* _DATA EXCERPTS_
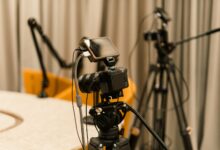 A professional studio with cameras, microphones, and other equipment ready for recording or live streaming.
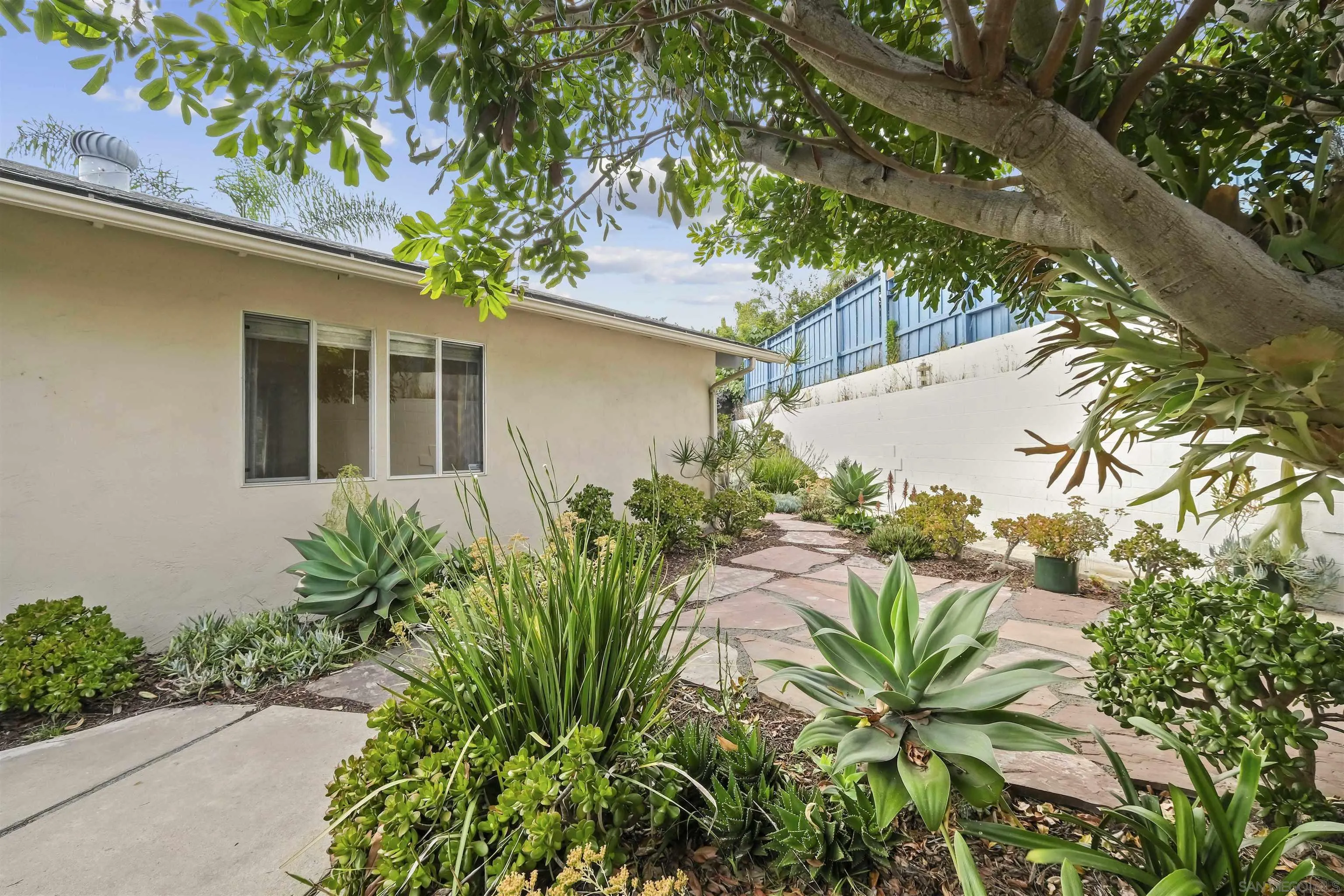 838 Lamplight Drive La Jolla, CA 92037 - Photo 5 of 42 a front view of a house with a yard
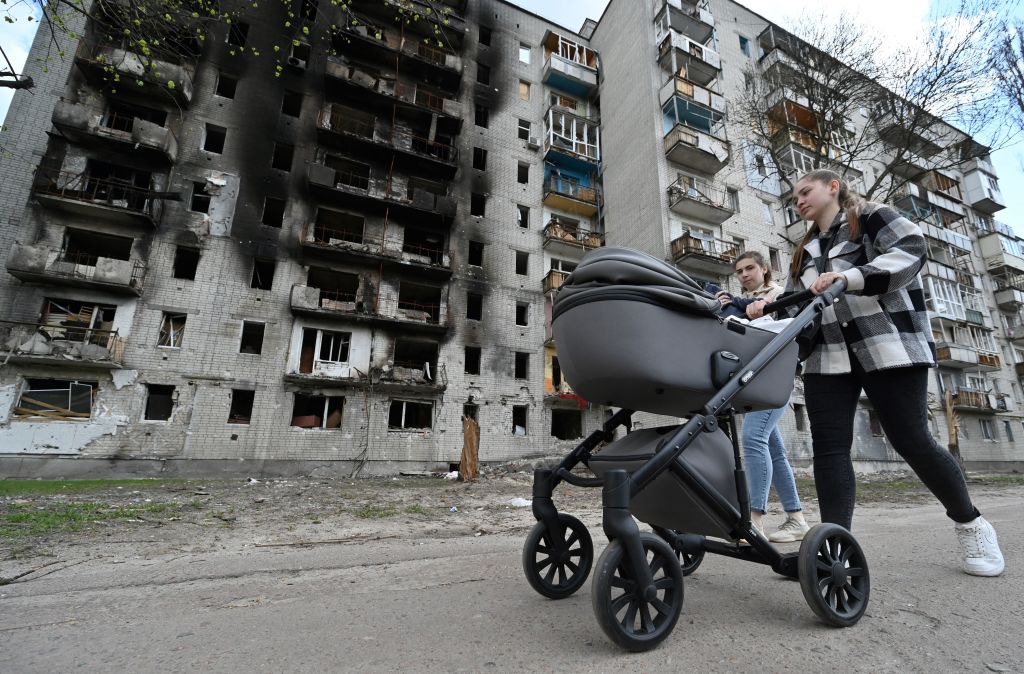 A woman pushes a pram past a heavily damaged residential building in the northern Ukrainian city of Chernigiv on May 3, 2022, amid the Russian invasion of Ukraine. (Genya Savilov—AFP/Getty Images)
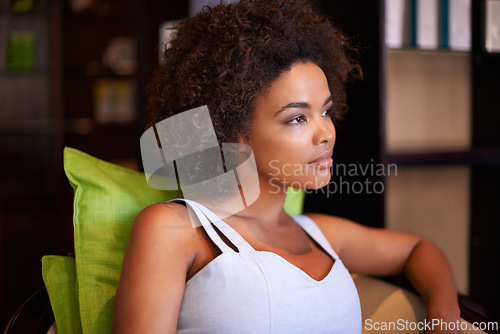 Image of Woman, thinking and relax for idea in home or indoor on couch and comfy on break or weekend on mockup. African person, attractive and pensive for peace, rest or chill in living room or house on sofa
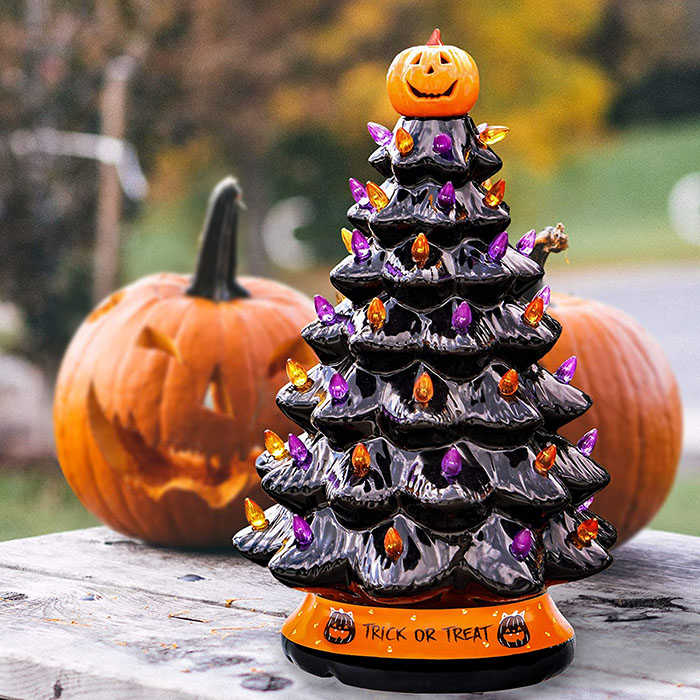 black halloween tree with jack-o-lanterns in the background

* _TASK PROMPT_
Leave out the pictures and restate, word for word, the lines from the top of the data through the line containing "A woman pushes", both included.

* _SOLUTION TO THIS TASK_
 A professional studio with cameras, microphones, and other equipment ready for recording or live streaming.
 838 Lamplight Drive La Jolla, CA 92037 - Photo 5 of 42 a front view of a house with a yard
 A woman pushes a pram past a heavily damaged residential building in the northern Ukrainian city of Chernigiv on May 3, 2022, amid the Russian invasion of Ukraine. (Genya Savilov—AFP/Getty Images)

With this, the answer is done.